Senator Al Franken blasted his colleague Ted Cruz on Candy Crowley’s “State of the Union” for Cruz’s remarks saying net neutrality would “stifle freedom, entrepreneurship and creativity online.” The liberal Senator from Minnesota, who won re-election by a whopping 12 points, said that net neutrality has been here since the beginning of the Internet and has given many outlets the freedom to build on entrepreneurship.

When Crowley asked Franken about his Cruz’s Op-Ed in the Washington Postin which the McCarthy impersonator said “regulating the Internet threatens entrepreneurial freedom,” much like he believes the Affordable Care Act is “strangling our health-care” industry,” Franken responded just how he should have: with the facts.

CROWLEY: [Cruz wrote] “Net neutrality is Obamacare for the Internet. It would put the government in charge of determining Internet prices, terms of service and what types of products and services can be delivered, leading to fewer choices, fewer opportunities and higher prices. Government-regulated utilities invariably destroy innovation and freedom.” Your reaction?

FRANKEN: He has it completely wrong. He just doesn’t understand what this issue is. We’ve had net neutrality the entire history of the Internet, so when he says this is the Obamacare… Obamacare was a government program that fixed something, that changed things. This is about reclassifying something, so it stays the same. This would keep things exactly the same. And the pricing happens by the value of something.
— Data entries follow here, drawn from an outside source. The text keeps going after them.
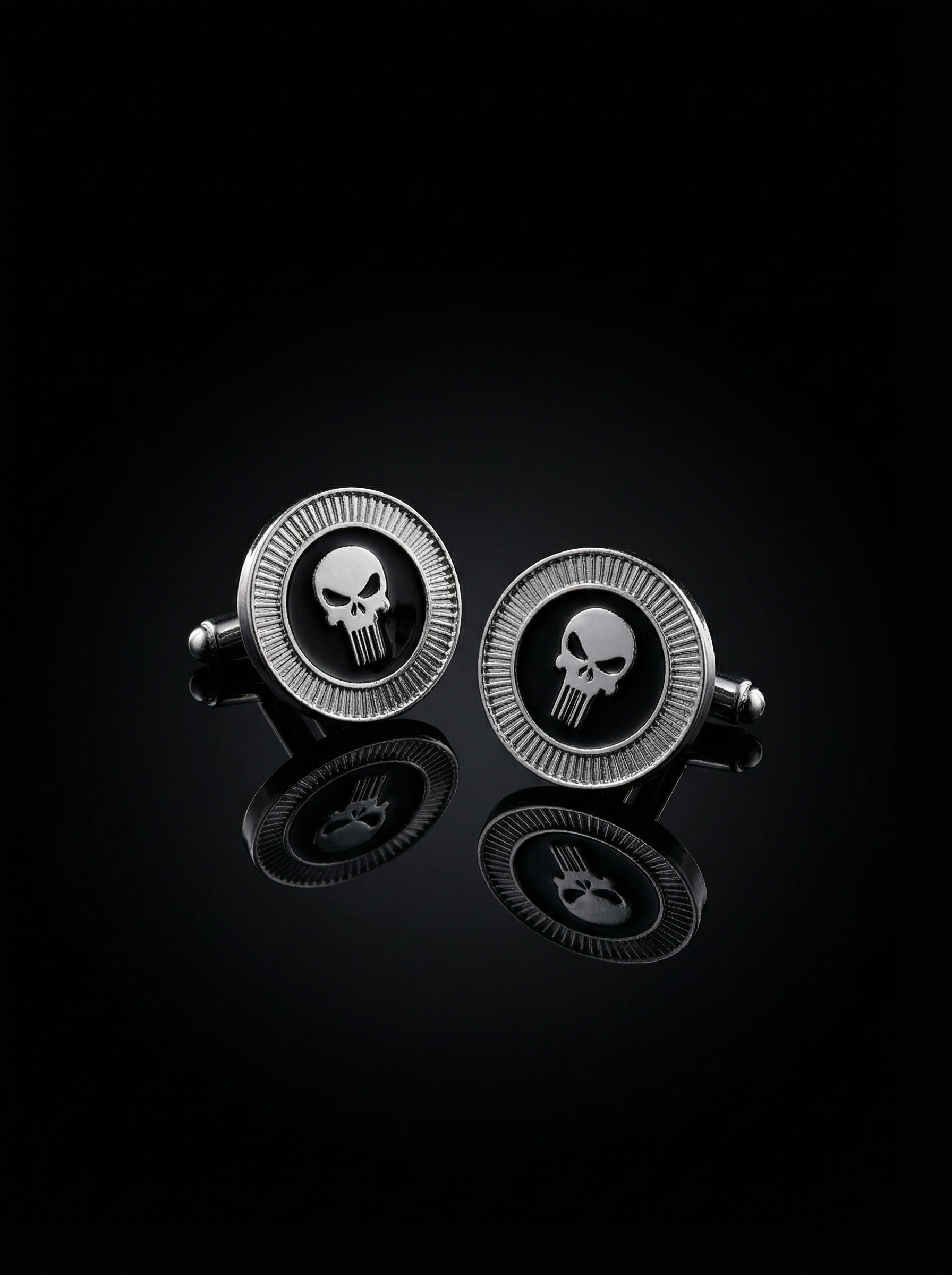 Artisan Skull Cufflinks Tivaaro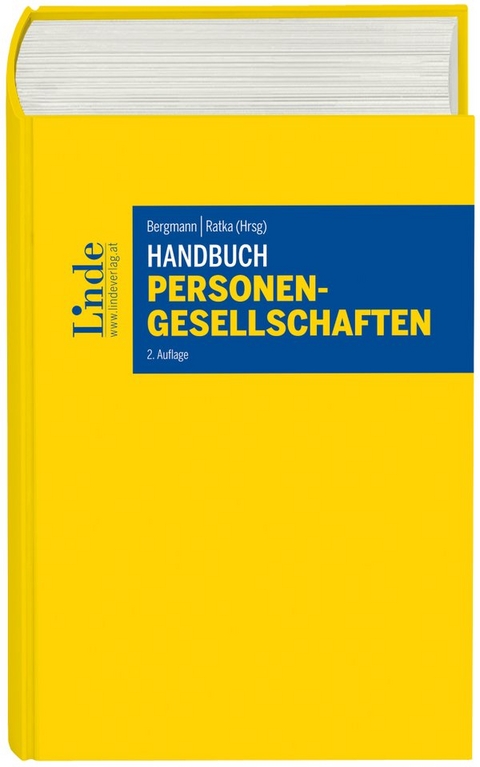 Handbuch Personengesellschaften - 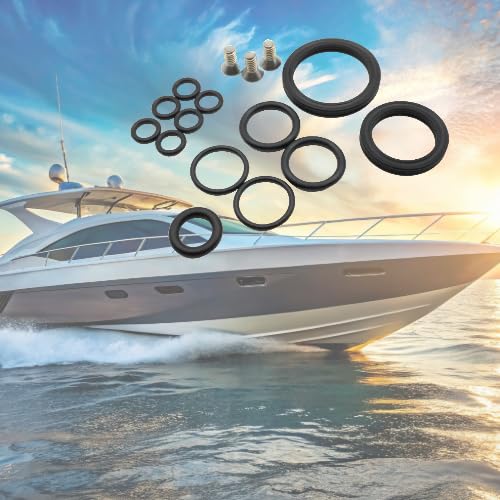 Replacement Kits Rebuild Seal Kit for Sea Star Steering Helms | Replaces HS5176 Compatible with Some Models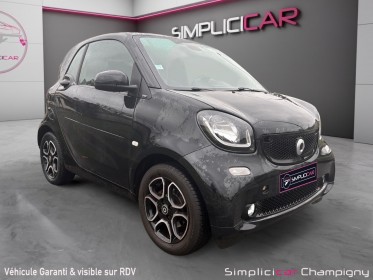 Smart fortwo coupe 0.9 90 ch ss ba6 prime occasion champigny-sur-marne (94) simplicicar simplicibike france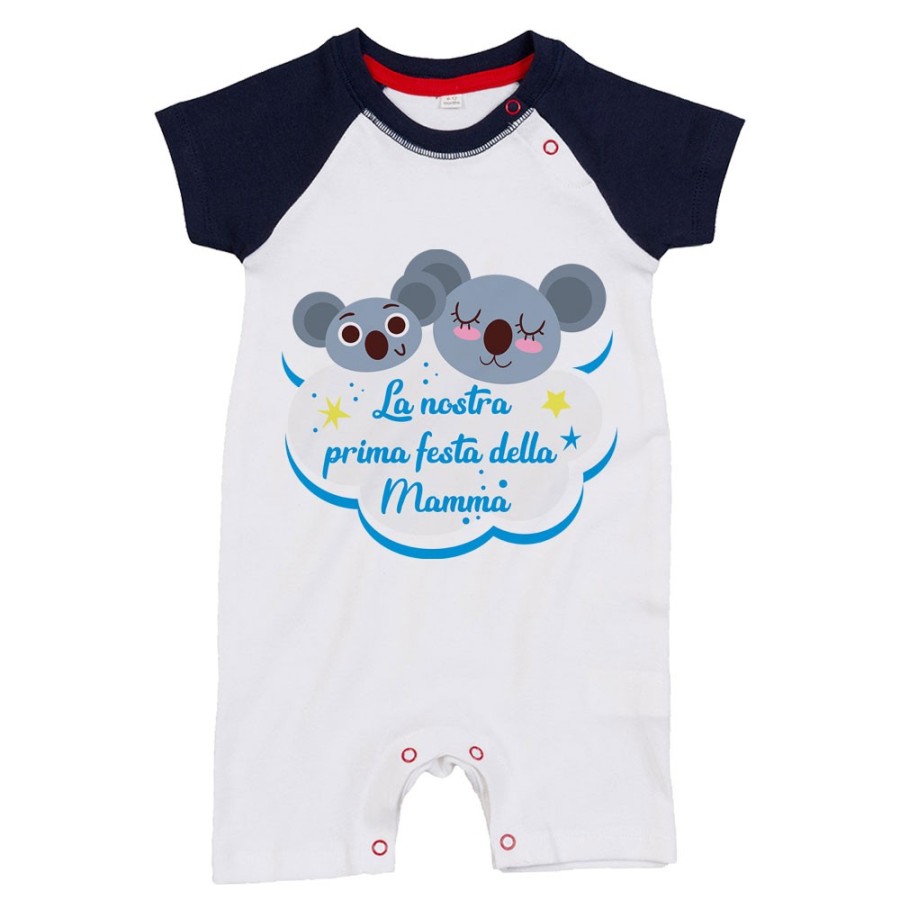 Pagliaccetto neonato la nostra prima festa della mamma koala Per la mamma
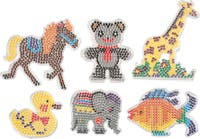 Pärlplattor djur 6/fp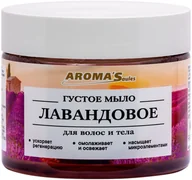 Mydła - Aroma'Saules Gęste mydło do ciała i włosów Lawenda 250ml - miniaturka - grafika 1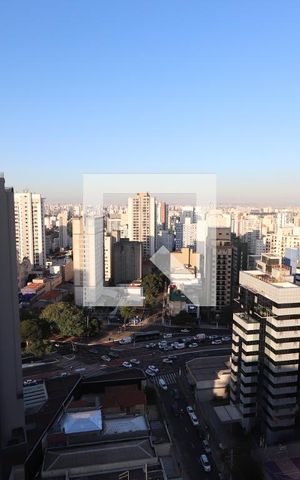 Studio à venda com 25m², 1 quarto e sem vagaVista do rooftop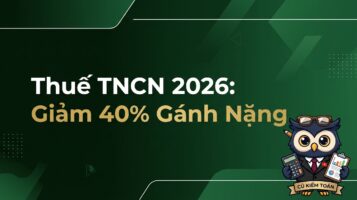 thuế tncn 2026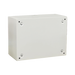 Gabinete de Acero IP66 Uso en Intemperie (400 x 300 x 300 mm) con Placa Trasera Interior Metálica y Compuerta Inferior Atorni
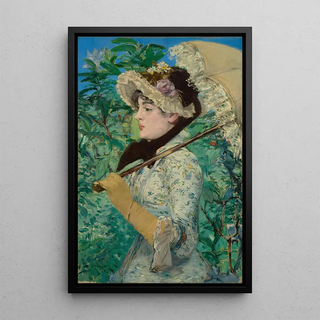 douard Manet - Jeanne Spring.webp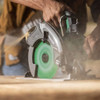 Metabo HPT C3607DBQ4M MultiVolt 36V "The Stud" Cordless Brushless 7-1/4 Inch Circular Saw  with Torque Boost (Tool Only)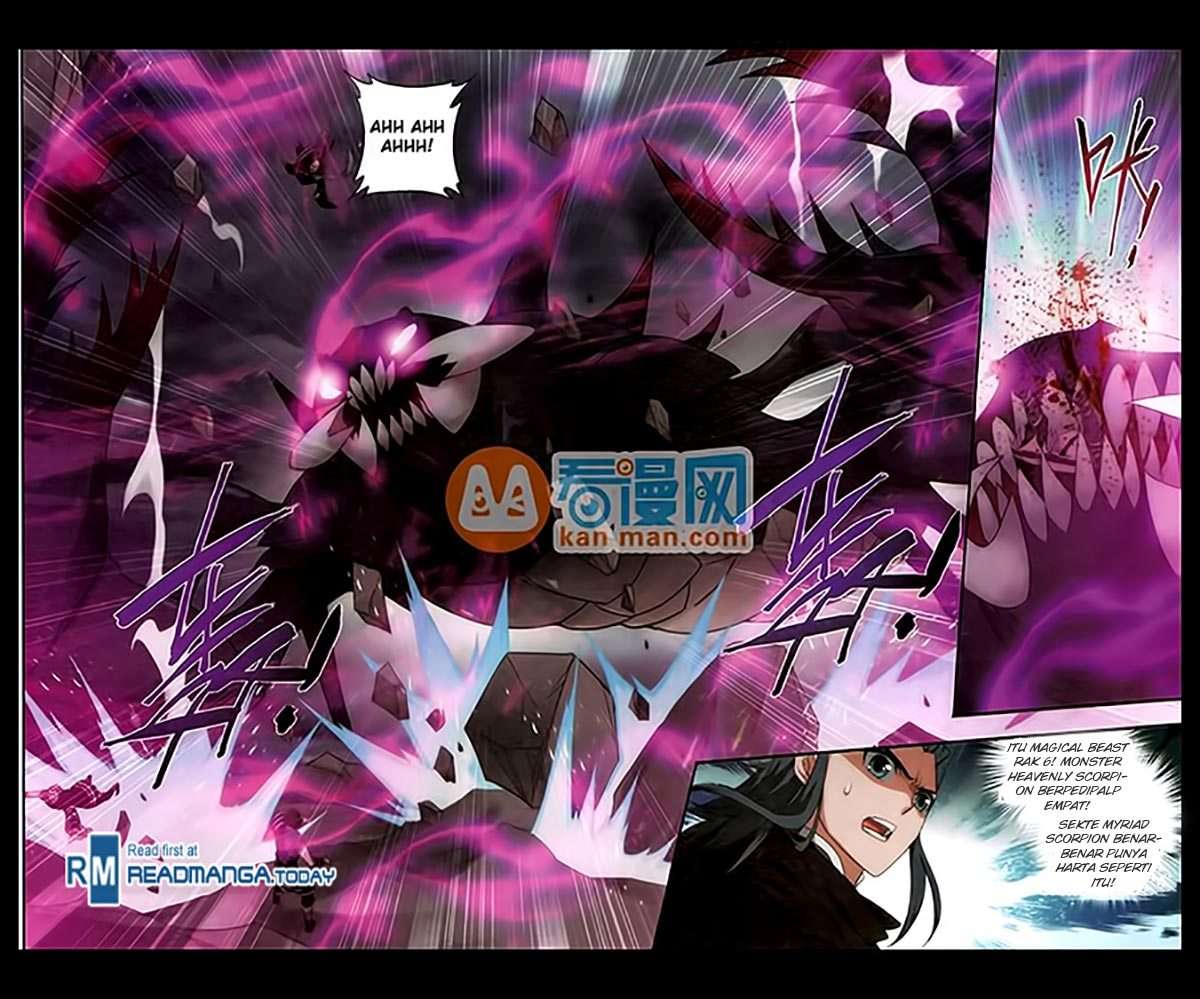Battle Through the Heavens Chapter 186 - halaman 11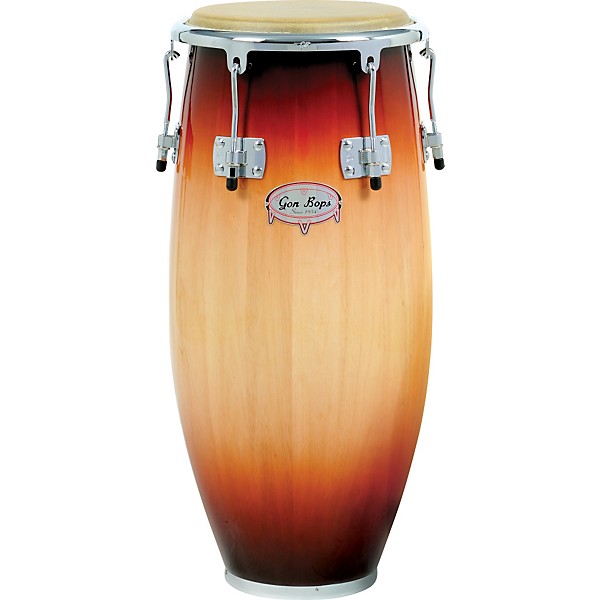 Gon Bops Tumbao Pro Series Quinto Conga Drum Burnt Toast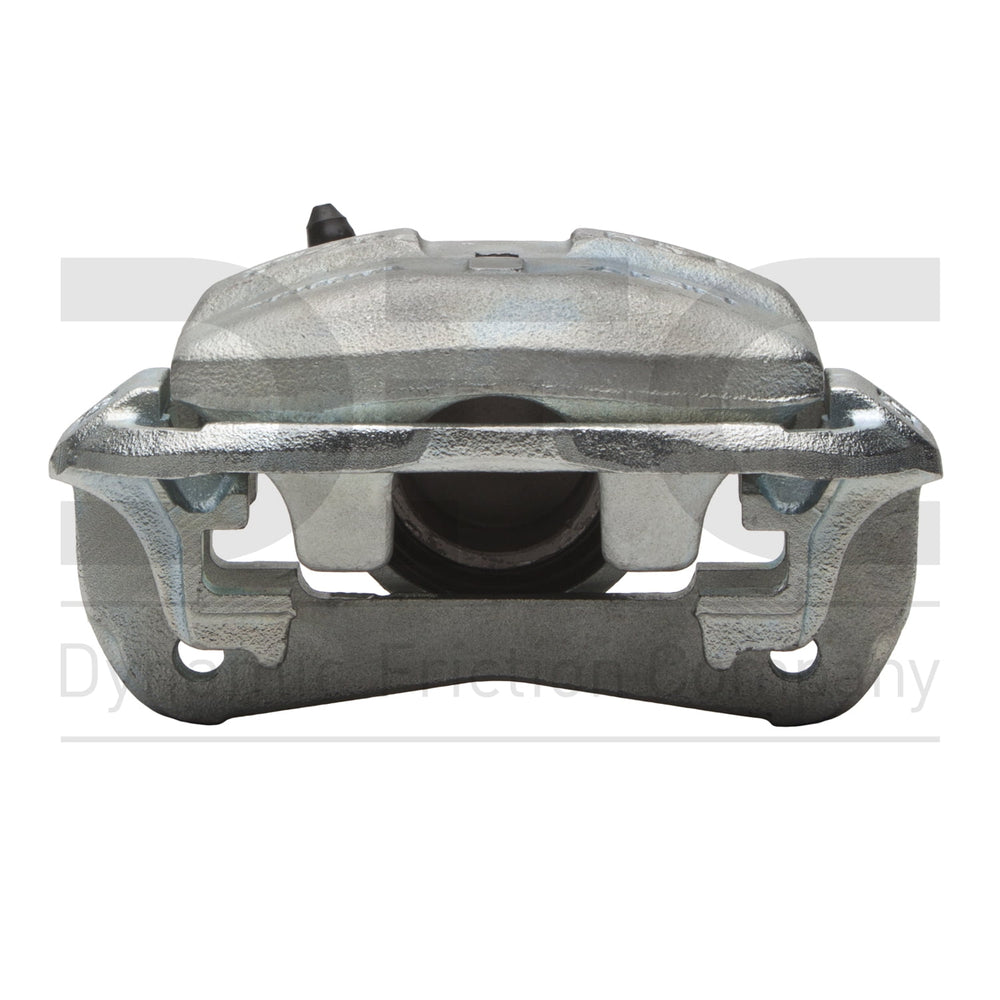 DFC 88-91 Toyota Celica Front-R Premium Caliper - Silver Zinc Coated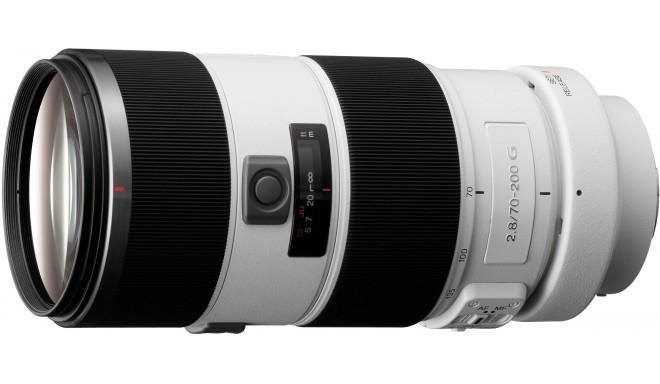 Sony 70-200mm f/2.8 G objektiiv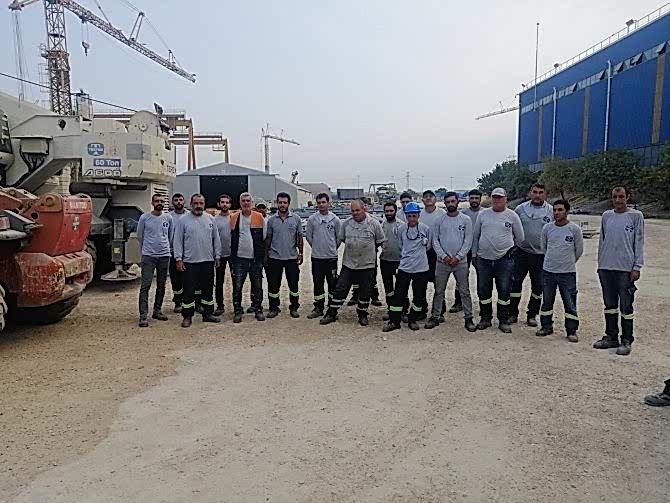 Kalifiye İş Gücü ve Tahmil Tahliye Hizmeti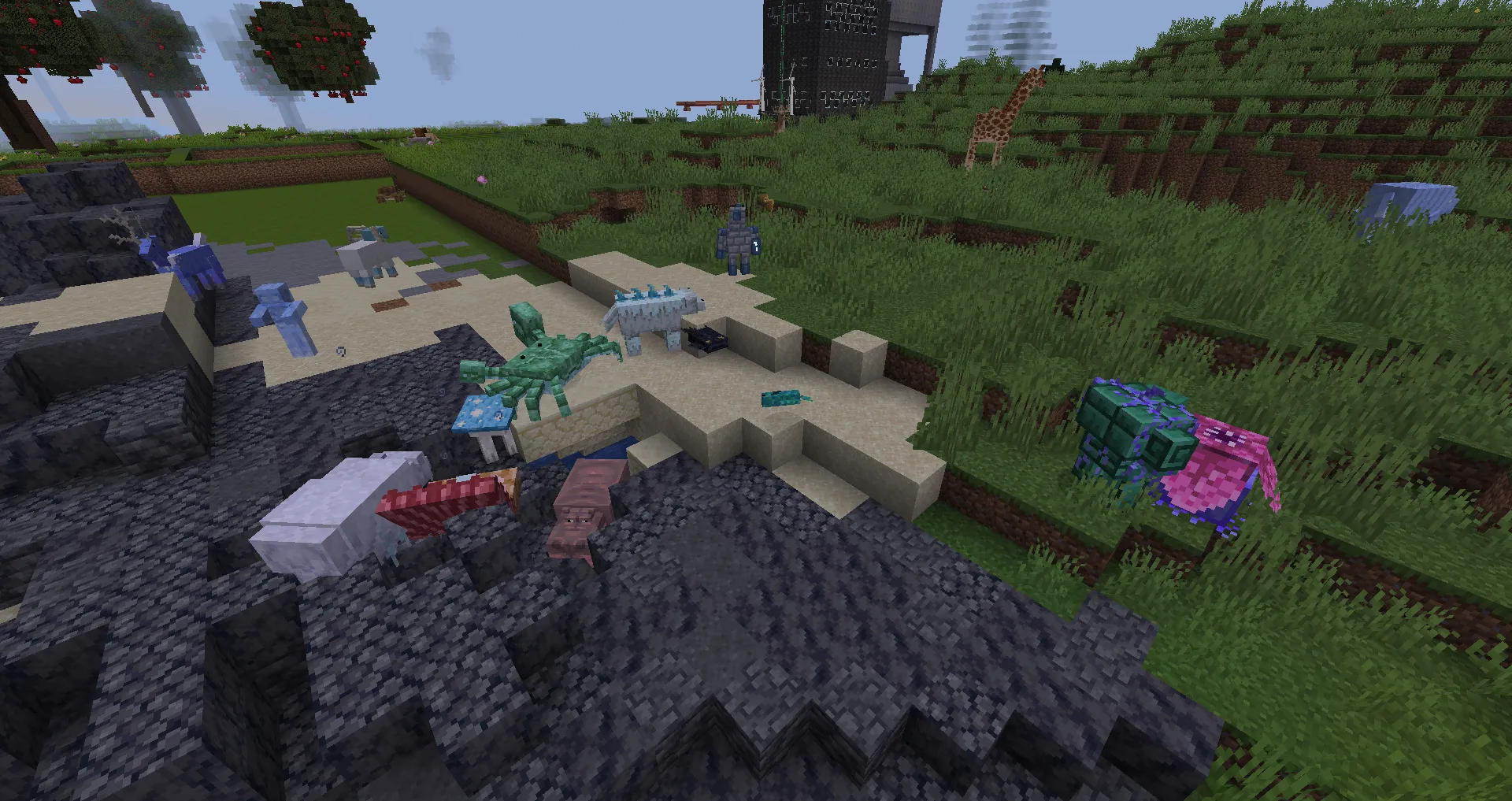 The RawffleVerse Reforged — скриншот 10 (Модпаки, Minecraft)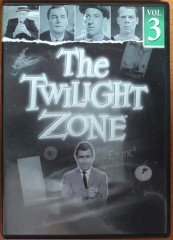 THE TWILIGHT ZONE VOL 3 - DVD 2.EL 1. BÖLGE TR ALTYAZI YOKTUR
Thank you, Senator Franken. Thank you for pointing out that net neutrality has nothing to do with left vs. right ideology. It’s simply a fact that a founding principle of the Internet is in fact net neutrality. That is a key part of what has made the Internet work, and has given companies the freedom to be innovative. If one supports freedom, they must support net neutrality. As Franken pointed out, take a look at the innovation that was Google Video and YouTube. Google had created a video system called “Google Video,” but a group of three entrepreneurs created YouTube, a better video delivery system. They both had equal access to Internet bandwidth, and consumers thought YouTube was better. Google then paid $1.65 billion dollars to acquire YouTube. If net neutrality was lost, then innovation, entrepreneurship and fairness in a global economy is lost.

So, again, thank you, Senator Franken, for calling out your ridiculous and fear-mongering colleague.